Re: Does Codd's view of a relational database differ from that ofDate&Darwin?[M.Gittens]

From: Jan Hidders <jan.hidders_at_REMOVETHIS.pandora.be>
Date: Fri, 24 Jun 2005 00:03:11 GMT
Message-ID: <35Iue.128265$BB4.7099455_at_phobos.telenet-ops.be>


vc wrote:
> Jan Hidders wrote:

>>vc wrote:
>>
>>Where in the description of the semantics of DAPLEX did it say that the
>>result must be actually printed on a screen?

>
> You are sidetracking here. I did not claim that the result *must* be
> printed on the screen. My claim, so far, has been that since 'print'
> is a pure and unmitigated imperative word, the whole construct ('for
> each ... print') should be treated as having side effects, that is,
> non-declarative.

Well, well, well. It seems I am going to have to recant. Not that I completely agree with the above, but I have been studying the syntax and (formal) semantics of Daplex a bit closer, and it seems that the print function cannot only be used at the end of a query, but pretty much anywhere else in any subexpression. (Yay for orthogonality.) And that means you can have side effects during the iteration (not just afterwards, as I assumed). That ruins a substantial amount of optimization possibilities and, hence, cannot in any way be called declarative.
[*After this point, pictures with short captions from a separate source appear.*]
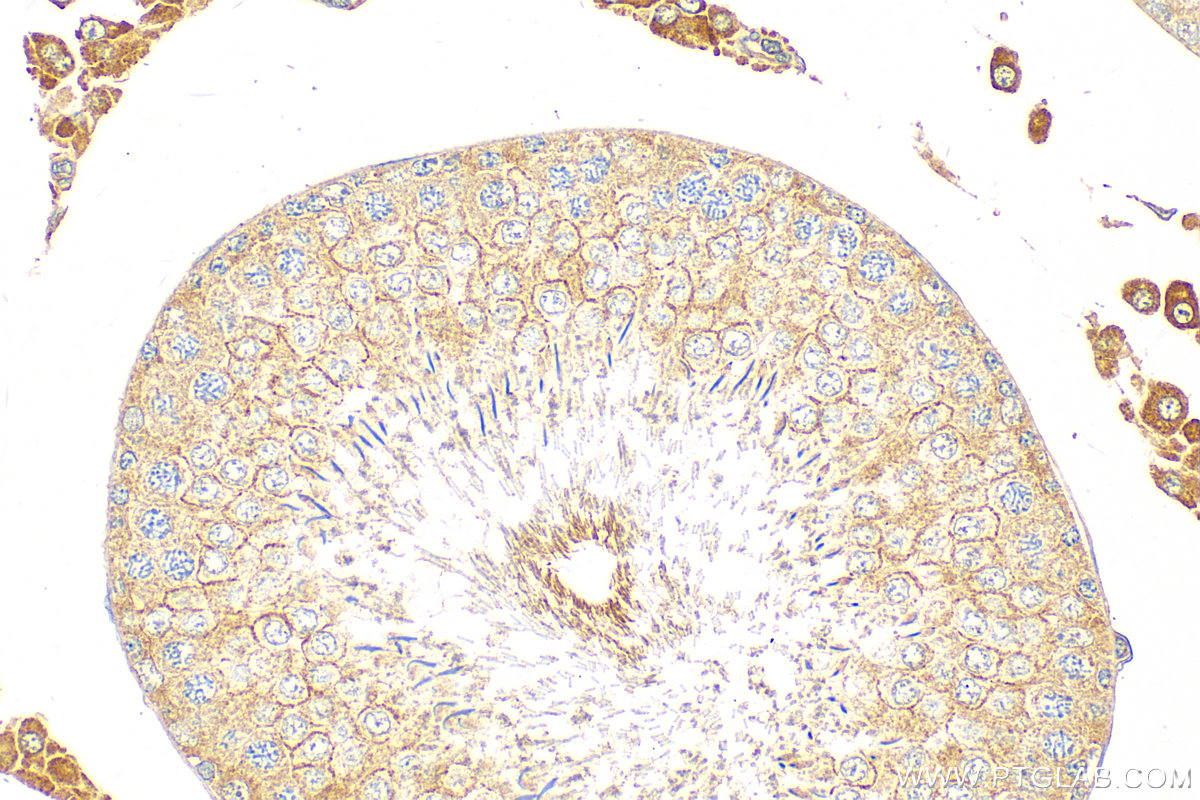 Immunohistochemistry (IHC) staining of rat testis tissue using Osteocalcin Polyclonal antibody (23418-1-AP)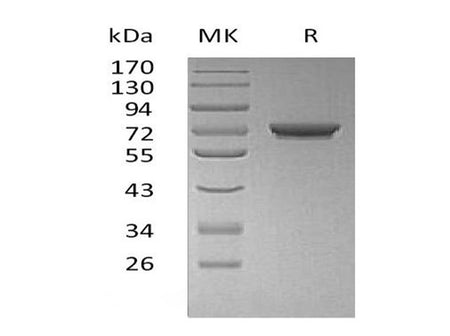Recombinant Human GALNT7 Protein (His Tag)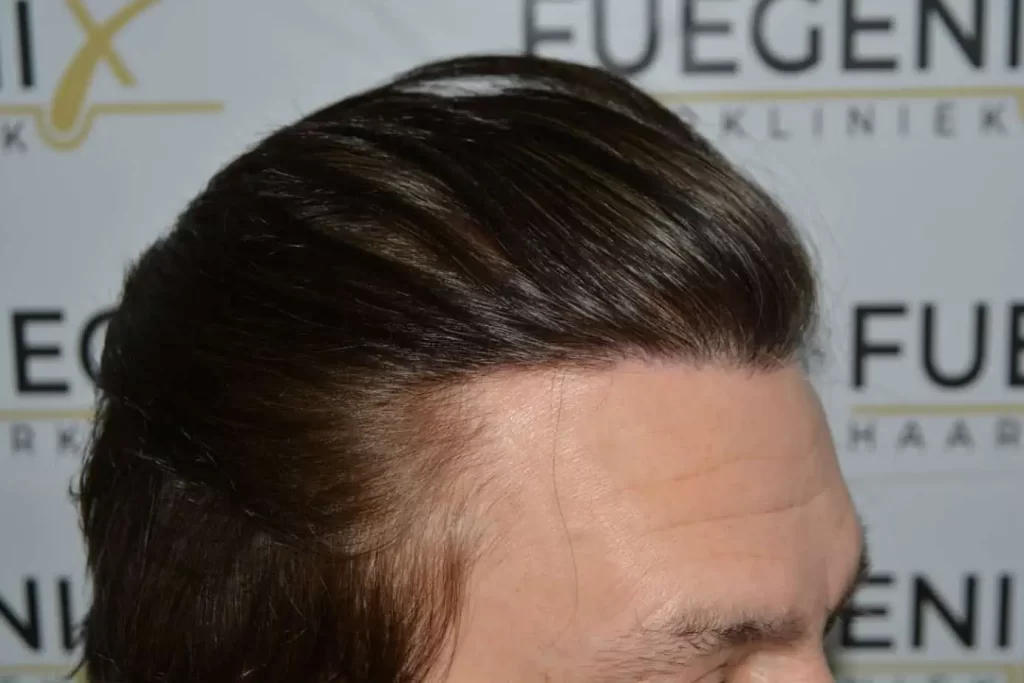 From Failed Hair Transplant To Shah Rukh Khan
> The same holds true for the 'return' in XQuery (sorry I missed your
> earlier message asking why I do not think XQuery is pure declarative).

I still think that *that* is nonsense. There are operations in XQuery that have side effects, but the return clause is not one of them. The strange thing about the side effects in XQuery, by the way, is that they actually don't seem to make the language much less declarative or less functional.